INFORMATION PROVIDED START

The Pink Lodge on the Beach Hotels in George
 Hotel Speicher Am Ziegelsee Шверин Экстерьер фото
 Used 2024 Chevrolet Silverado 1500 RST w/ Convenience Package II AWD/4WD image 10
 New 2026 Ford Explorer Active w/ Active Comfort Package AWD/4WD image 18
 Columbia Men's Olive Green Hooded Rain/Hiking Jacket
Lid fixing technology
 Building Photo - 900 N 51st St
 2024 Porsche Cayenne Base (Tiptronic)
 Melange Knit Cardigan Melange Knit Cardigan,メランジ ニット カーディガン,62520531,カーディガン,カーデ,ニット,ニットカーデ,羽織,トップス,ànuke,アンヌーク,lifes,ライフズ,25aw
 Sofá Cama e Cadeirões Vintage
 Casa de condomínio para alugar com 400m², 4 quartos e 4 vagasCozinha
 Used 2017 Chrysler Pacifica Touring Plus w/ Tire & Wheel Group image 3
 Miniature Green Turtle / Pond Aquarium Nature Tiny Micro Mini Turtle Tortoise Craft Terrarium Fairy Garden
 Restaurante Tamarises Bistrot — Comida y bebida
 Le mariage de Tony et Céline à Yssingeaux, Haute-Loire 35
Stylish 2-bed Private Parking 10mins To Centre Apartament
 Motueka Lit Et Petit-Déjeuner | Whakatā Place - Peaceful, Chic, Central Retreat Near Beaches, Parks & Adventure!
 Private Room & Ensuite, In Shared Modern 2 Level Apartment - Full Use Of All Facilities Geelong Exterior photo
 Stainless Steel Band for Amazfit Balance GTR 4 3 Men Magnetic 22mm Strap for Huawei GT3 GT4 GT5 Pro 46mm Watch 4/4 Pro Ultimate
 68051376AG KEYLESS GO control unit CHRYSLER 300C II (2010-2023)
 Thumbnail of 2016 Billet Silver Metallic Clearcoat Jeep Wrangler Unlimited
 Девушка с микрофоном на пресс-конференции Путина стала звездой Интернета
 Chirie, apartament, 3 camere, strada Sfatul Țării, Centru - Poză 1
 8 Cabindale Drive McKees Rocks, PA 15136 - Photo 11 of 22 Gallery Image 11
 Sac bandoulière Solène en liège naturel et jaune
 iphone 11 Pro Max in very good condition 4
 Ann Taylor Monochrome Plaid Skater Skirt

INFORMATION PROVIDED END

_EXERCISE REQUIREMENTS_:
Every record above needs to be repeated word for word.

_WRITTEN RESPONSE_:
The Pink Lodge on the Beach Hotels in George
 Hotel Speicher Am Ziegelsee Шверин Экстерьер фото
 Used 2024 Chevrolet Silverado 1500 RST w/ Convenience Package II AWD/4WD image 10
 New 2026 Ford Explorer Active w/ Active Comfort Package AWD/4WD image 18
 Columbia Men's Olive Green Hooded Rain/Hiking Jacket
Lid fixing technology
 Building Photo - 900 N 51st St
 2024 Porsche Cayenne Base (Tiptronic)
 Melange Knit Cardigan Melange Knit Cardigan,メランジ ニット カーディガン,62520531,カーディガン,カーデ,ニット,ニットカーデ,羽織,トップス,ànuke,アンヌーク,lifes,ライフズ,25aw
 Sofá Cama e Cadeirões Vintage
 Casa de condomínio para alugar com 400m², 4 quartos e 4 vagasCozinha
 Used 2017 Chrysler Pacifica Touring Plus w/ Tire & Wheel Group image 3
 Miniature Green Turtle / Pond Aquarium Nature Tiny Micro Mini Turtle Tortoise Craft Terrarium Fairy Garden
 Restaurante Tamarises Bistrot — Comida y bebida
 Le mariage de Tony et Céline à Yssingeaux, Haute-Loire 35
Stylish 2-bed Private Parking 10mins To Centre Apartament
 Motueka Lit Et Petit-Déjeuner | Whakatā Place - Peaceful, Chic, Central Retreat Near Beaches, Parks & Adventure!
 Private Room & Ensuite, In Shared Modern 2 Level Apartment - Full Use Of All Facilities Geelong Exterior photo
 Stainless Steel Band for Amazfit Balance GTR 4 3 Men Magnetic 22mm Strap for Huawei GT3 GT4 GT5 Pro 46mm Watch 4/4 Pro Ultimate
 68051376AG KEYLESS GO control unit CHRYSLER 300C II (2010-2023)
 Thumbnail of 2016 Billet Silver Metallic Clearcoat Jeep Wrangler Unlimited
 Девушка с микрофоном на пресс-конференции Путина стала звездой Интернета
 Chirie, apartament, 3 camere, strada Sfatul Țării, Centru - Poză 1
 8 Cabindale Drive McKees Rocks, PA 15136 - Photo 11 of 22 Gallery Image 11
 Sac bandoulière Solène en liège naturel et jaune
 iphone 11 Pro Max in very good condition 4
 Ann Taylor Monochrome Plaid Skater Skirt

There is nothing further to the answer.